The German Term [Begriff]
Giving names to phenomena is the key and language to our human understanding of our life and place in nature. Technical and scientific developments need to be named. When new names appear they first serve as a temporary equation to an idea which is still vague and not clearly defined peripherally. But soon they materialize and initiate dramatic social changes such as the invention of internet and the mobile, German (Handy) not to be confused with English (handy) meaning practical.
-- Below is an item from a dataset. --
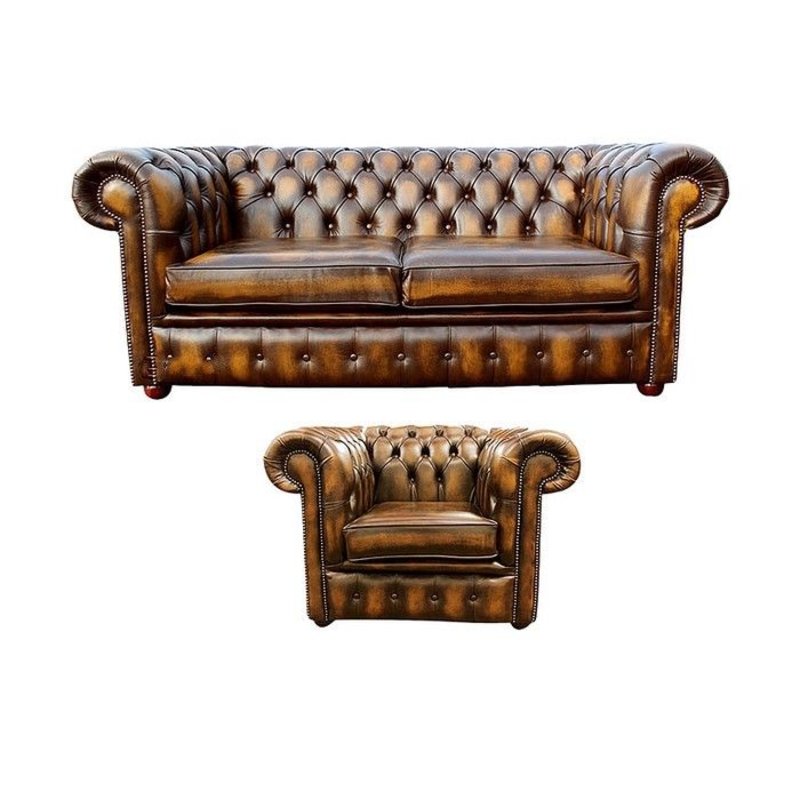 Chesterfield Sofa Couch Polster Leder Textil Sofagarnitur 2+1 Polster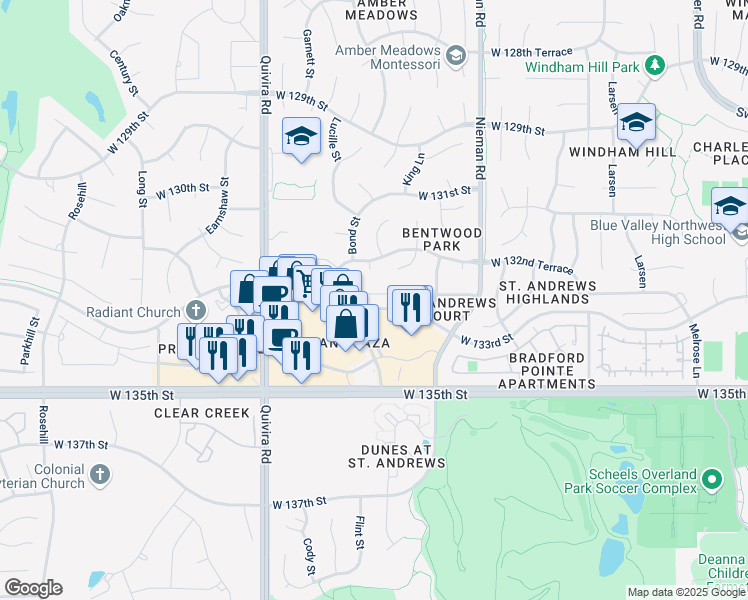 map of restaurants, bars, coffee shops, grocery stores, and more near 11409 West 132nd Terrace in Overland Park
The phenomenon of naming is best summarized in the German term [Begriff] which encapsulates and captures the meaning or a concept of a word. Although it might be a bit ambiguous and often misused but it certainly reflects exactly what a word should do. This is coined with the help of the prefix [be], a very productive prefix in German and the verb (greifen) related to English (grip) but a bit more aggressive in its nature for ideas are not that grippy to be captured in a word. Amazingly this natural, primitive and powerful verb can coin new verbs such as (begreifen: unnderstand) or (ergreifen: take) and even more aggressively in (angreifen and vergreifen) attack. Of course the English all-round verb “get” might have a similar meaning but it lacks the force and beauty of the German metaphor of gripping.
Still, German is in danger if its terminology cannot catch and keep up with the new developments in science and technology, which as we know, have deep social implications. More and more people can only scientifically communicate in English. I wonder what will become of German if it is scientifically ousted and, like the rest of the languages in the world, is reduced to the language of everyday needs only. Philosophy a traditional German intellectual exercise will then move from the German Gymnasium (grammar school) to an English gymnasium.